Conhecida como uma grande estudiosa no campo de planeamento urbano, lecionou aulas na Universidade da Califórnia, em Berkeley, e foi nomeada co-presidente do Programa de Design Urbano da Universidade da Califórnia, em Los Angeles. Mais tarde deu aulas na Universidade de Yale e em 2003 foi professora convidada ao lado de Venturi na Graduate School of Design, da Universidade de Harvard. Durante os seus anos no sudoeste dos Estados Unidos, Denise mostrou um particular interesse nas cidades mais recentes de Los Angeles e Las Vegas.
CARME PIGEM
Carme Pigem Barceló é uma arquiteta espanhola. Membro da firma RCR Arquitectes, recebeu o Prêmio Pritzker de 2017, juntamente com seus colegas Ramón Vilalta e Rafael Aranda. Entre 1977 e 1979 estudou na Escuela de Bellas Artes de Olot, obtendo em 1987 a graduação em arquitetura na Escuela Técnica Superior de Arquitectura del Vallés (ETSA Vallés. Entre 1992 e 1999 trabalhou como professora de projetos arquitetônicos na ETSA Vallés e foi membro do corpo de examinadores dos exames finais de 1995 a 2004. De 1997 a 2003 foi professora de projetos arquitetônicos da Escuela Técnica Superior de Arquitectura de Barcelona (ETSAB) e membro do corpo de examinadores em 2003. Desde 2005 é professora visitante no Departamento de Arquitetura do Instituto Federal de Tecnologia de Zurique, Suíça.
AMAZA LEE MEREDITH
Amaza Lee Meredith, arquiteta, educadora e artista afro-americano. Meredith foi incapaz de entrar na profissão de arquiteta por causa de sua raça e seu sexo. Trabalhou principalmente como professora de arte no Virginia State College, onde fundou o departamento de arte. Ela é mais conhecida por sua residência, Azurest South, onde ela e sua parceira, Edna Meade Colson, moravam juntas. Meredith nasceu em Lynchburg, Virginia.

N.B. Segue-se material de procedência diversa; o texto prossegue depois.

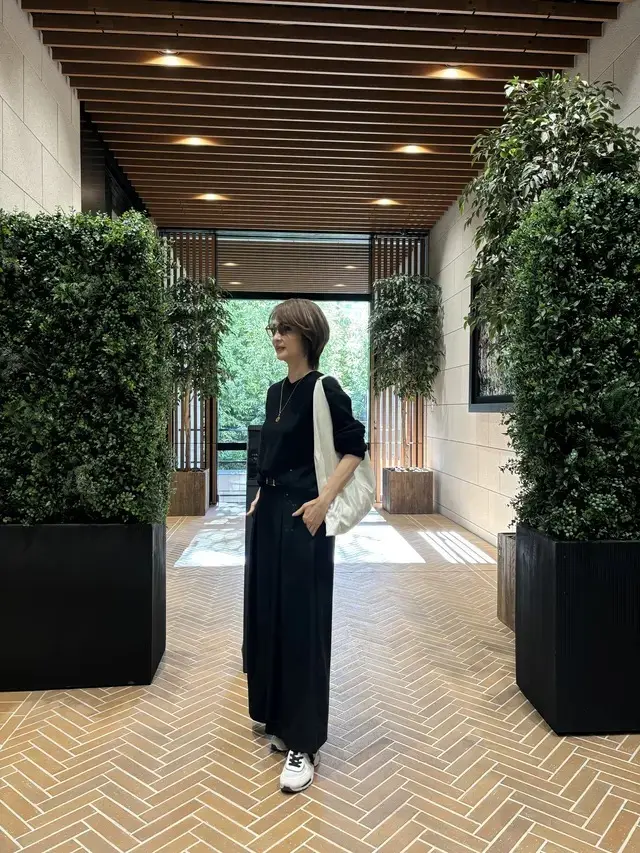 華組　スニーカーコーデ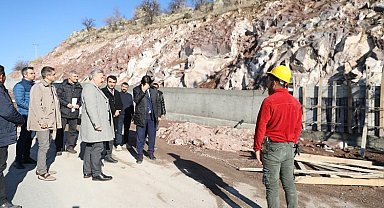 Kayseri Melikgazi'de yeni yol mesaisi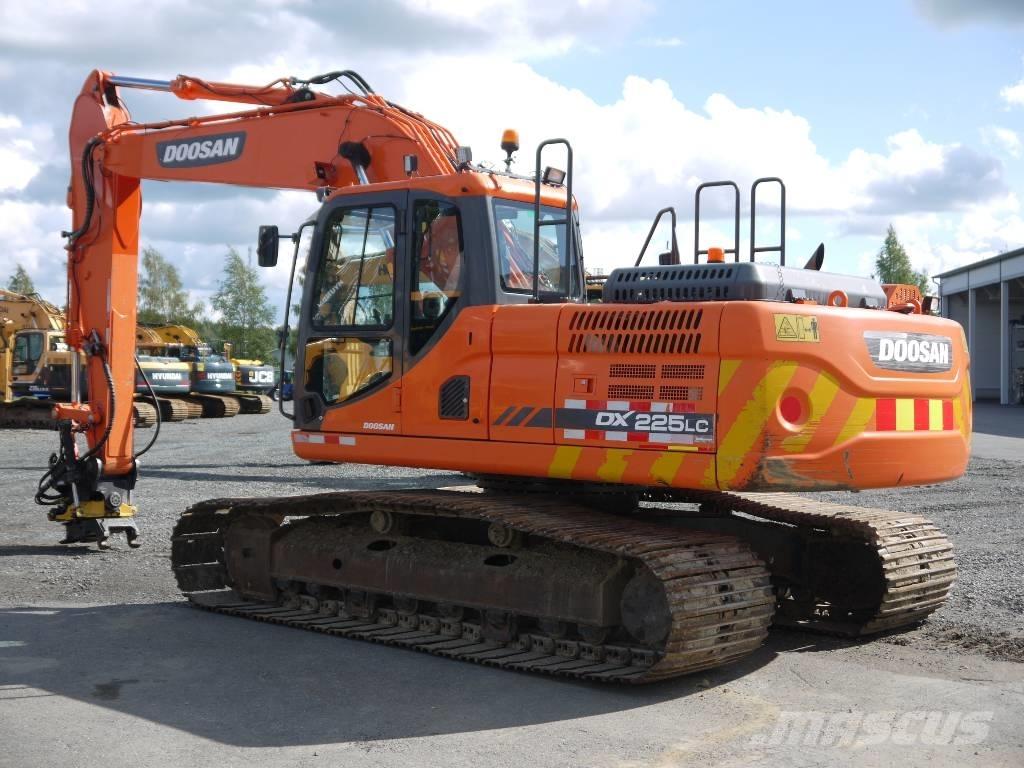 Doosan DX 225 LC-3 Telakaivukoneet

Apesar de não ter nenhum treinamento formal em arquitetura, Meredith projetou muitos lares para a família e amigos em Virginia, Nova York e Texas. Seu primeiro edifício foi o Azurest South, que foi concluído em 1939 e foi totalmente projetado por Meredith. O Azurest South é considerado um exemplo raro do Estilo Internacional da Virgínia e demonstra seu interesse pelo design de vanguarda. Meredith também usou o Azurest South como seu próprio estúdio de arte. Ela foi ativa em documentar seu estilo de vida e realizações no Azurest através de fotografias.
Em 1947, Meredith começou a desenvolver uma subdivisão de 120 lotes em Sag Harbor, chamada Azurest North. Para desenvolver Azurest North, ela e suas amigas criaram um grupo chamado Azurest Syndicate, que trabalhou para criar uma comunidade afro-americana de lazer. Terry Cottage e Edendot foram ambos projetados por Meredith. Foi também uma inventora recebendo uma patente de um acessório para ser anexado a uma bolsa de golfe.
Na década de 1970, Meredith desenhou logotipos para serem usados para uma proposta de mudança de nome para a Associação Nacional para o Avanço das Pessoas de Cor (NAACP).
GEORGIA LOUISE HARRIS BROWN
Arquiteta americana nascida em 1918. Trabalhou com Mies van der Rohe em projetos estruturais e também ajudou no projeto do parque do Ibirapuera em São Paulo, Brasil. Sua carreira foi marcada por episódios de racismo e sexismo e, por causa desse preconceito, mudou-se para o Brasil em 1954. Foi a única arquiteta – de qualquer gênero – a aparecer na lista anual das 100 pessoas mais influentes da revista TIME.